Problem to work on —
Every single record needs to be restated word for word.

Extracted entries —
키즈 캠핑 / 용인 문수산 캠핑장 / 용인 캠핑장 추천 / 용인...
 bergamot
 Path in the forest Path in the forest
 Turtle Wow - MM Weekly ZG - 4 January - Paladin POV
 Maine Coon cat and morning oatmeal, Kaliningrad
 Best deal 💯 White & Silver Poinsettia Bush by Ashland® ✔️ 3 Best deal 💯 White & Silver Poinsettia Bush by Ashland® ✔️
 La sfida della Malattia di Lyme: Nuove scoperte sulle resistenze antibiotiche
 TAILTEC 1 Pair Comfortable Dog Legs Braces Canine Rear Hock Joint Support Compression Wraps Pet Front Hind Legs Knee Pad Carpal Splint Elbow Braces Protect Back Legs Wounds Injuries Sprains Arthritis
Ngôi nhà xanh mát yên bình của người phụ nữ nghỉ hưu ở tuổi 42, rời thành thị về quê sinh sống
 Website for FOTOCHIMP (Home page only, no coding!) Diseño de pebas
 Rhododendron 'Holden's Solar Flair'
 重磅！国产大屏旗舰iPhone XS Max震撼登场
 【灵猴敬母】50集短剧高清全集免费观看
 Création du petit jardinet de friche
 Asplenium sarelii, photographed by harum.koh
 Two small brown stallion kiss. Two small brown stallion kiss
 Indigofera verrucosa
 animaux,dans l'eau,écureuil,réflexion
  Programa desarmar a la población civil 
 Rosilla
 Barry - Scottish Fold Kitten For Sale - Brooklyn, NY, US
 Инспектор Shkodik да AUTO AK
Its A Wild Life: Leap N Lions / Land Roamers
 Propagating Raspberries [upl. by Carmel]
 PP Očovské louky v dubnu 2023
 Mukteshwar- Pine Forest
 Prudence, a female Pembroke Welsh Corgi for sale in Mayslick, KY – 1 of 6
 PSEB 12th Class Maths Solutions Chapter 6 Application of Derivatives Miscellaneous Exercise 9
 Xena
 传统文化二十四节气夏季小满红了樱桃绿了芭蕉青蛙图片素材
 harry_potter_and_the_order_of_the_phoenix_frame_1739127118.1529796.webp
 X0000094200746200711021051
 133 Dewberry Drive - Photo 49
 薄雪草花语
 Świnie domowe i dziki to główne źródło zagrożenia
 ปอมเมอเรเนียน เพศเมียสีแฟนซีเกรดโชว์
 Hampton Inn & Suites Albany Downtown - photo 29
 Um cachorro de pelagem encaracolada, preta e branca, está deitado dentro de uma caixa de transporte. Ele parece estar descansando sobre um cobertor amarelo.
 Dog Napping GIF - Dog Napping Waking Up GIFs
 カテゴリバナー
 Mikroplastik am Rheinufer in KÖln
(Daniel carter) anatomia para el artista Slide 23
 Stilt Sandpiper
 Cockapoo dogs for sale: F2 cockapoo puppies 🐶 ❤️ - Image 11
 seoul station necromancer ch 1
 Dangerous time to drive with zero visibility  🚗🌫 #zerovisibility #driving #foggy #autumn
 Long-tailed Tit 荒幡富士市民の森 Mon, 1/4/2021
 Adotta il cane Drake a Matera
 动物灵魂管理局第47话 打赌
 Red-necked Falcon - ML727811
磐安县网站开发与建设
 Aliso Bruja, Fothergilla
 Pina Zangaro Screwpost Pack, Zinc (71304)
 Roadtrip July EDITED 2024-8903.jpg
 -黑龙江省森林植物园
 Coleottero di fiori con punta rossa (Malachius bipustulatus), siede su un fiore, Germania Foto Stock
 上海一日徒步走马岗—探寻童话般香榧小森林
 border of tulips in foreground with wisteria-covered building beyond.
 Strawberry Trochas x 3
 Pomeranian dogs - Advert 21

Written solution —
키즈 캠핑 / 용인 문수산 캠핑장 / 용인 캠핑장 추천 / 용인...
 bergamot
 Path in the forest Path in the forest
 Turtle Wow - MM Weekly ZG - 4 January - Paladin POV
 Maine Coon cat and morning oatmeal, Kaliningrad
 Best deal 💯 White & Silver Poinsettia Bush by Ashland® ✔️ 3 Best deal 💯 White & Silver Poinsettia Bush by Ashland® ✔️
 La sfida della Malattia di Lyme: Nuove scoperte sulle resistenze antibiotiche
 TAILTEC 1 Pair Comfortable Dog Legs Braces Canine Rear Hock Joint Support Compression Wraps Pet Front Hind Legs Knee Pad Carpal Splint Elbow Braces Protect Back Legs Wounds Injuries Sprains Arthritis
Ngôi nhà xanh mát yên bình của người phụ nữ nghỉ hưu ở tuổi 42, rời thành thị về quê sinh sống
 Website for FOTOCHIMP (Home page only, no coding!) Diseño de pebas
 Rhododendron 'Holden's Solar Flair'
 重磅！国产大屏旗舰iPhone XS Max震撼登场
 【灵猴敬母】50集短剧高清全集免费观看
 Création du petit jardinet de friche
 Asplenium sarelii, photographed by harum.koh
 Two small brown stallion kiss. Two small brown stallion kiss
 Indigofera verrucosa
 animaux,dans l'eau,écureuil,réflexion
  Programa desarmar a la población civil 
 Rosilla
 Barry - Scottish Fold Kitten For Sale - Brooklyn, NY, US
 Инспектор Shkodik да AUTO AK
Its A Wild Life: Leap N Lions / Land Roamers
 Propagating Raspberries [upl. by Carmel]
 PP Očovské louky v dubnu 2023
 Mukteshwar- Pine Forest
 Prudence, a female Pembroke Welsh Corgi for sale in Mayslick, KY – 1 of 6
 PSEB 12th Class Maths Solutions Chapter 6 Application of Derivatives Miscellaneous Exercise 9
 Xena
 传统文化二十四节气夏季小满红了樱桃绿了芭蕉青蛙图片素材
 harry_potter_and_the_order_of_the_phoenix_frame_1739127118.1529796.webp
 X0000094200746200711021051
 133 Dewberry Drive - Photo 49
 薄雪草花语
 Świnie domowe i dziki to główne źródło zagrożenia
 ปอมเมอเรเนียน เพศเมียสีแฟนซีเกรดโชว์
 Hampton Inn & Suites Albany Downtown - photo 29
 Um cachorro de pelagem encaracolada, preta e branca, está deitado dentro de uma caixa de transporte. Ele parece estar descansando sobre um cobertor amarelo.
 Dog Napping GIF - Dog Napping Waking Up GIFs
 カテゴリバナー
 Mikroplastik am Rheinufer in KÖln
(Daniel carter) anatomia para el artista Slide 23
 Stilt Sandpiper
 Cockapoo dogs for sale: F2 cockapoo puppies 🐶 ❤️ - Image 11
 seoul station necromancer ch 1
 Dangerous time to drive with zero visibility  🚗🌫 #zerovisibility #driving #foggy #autumn
 Long-tailed Tit 荒幡富士市民の森 Mon, 1/4/2021
 Adotta il cane Drake a Matera
 动物灵魂管理局第47话 打赌
 Red-necked Falcon - ML727811
磐安县网站开发与建设
 Aliso Bruja, Fothergilla
 Pina Zangaro Screwpost Pack, Zinc (71304)
 Roadtrip July EDITED 2024-8903.jpg
 -黑龙江省森林植物园
 Coleottero di fiori con punta rossa (Malachius bipustulatus), siede su un fiore, Germania Foto Stock
 上海一日徒步走马岗—探寻童话般香榧小森林
 border of tulips in foreground with wisteria-covered building beyond.
 Strawberry Trochas x 3
 Pomeranian dogs - Advert 21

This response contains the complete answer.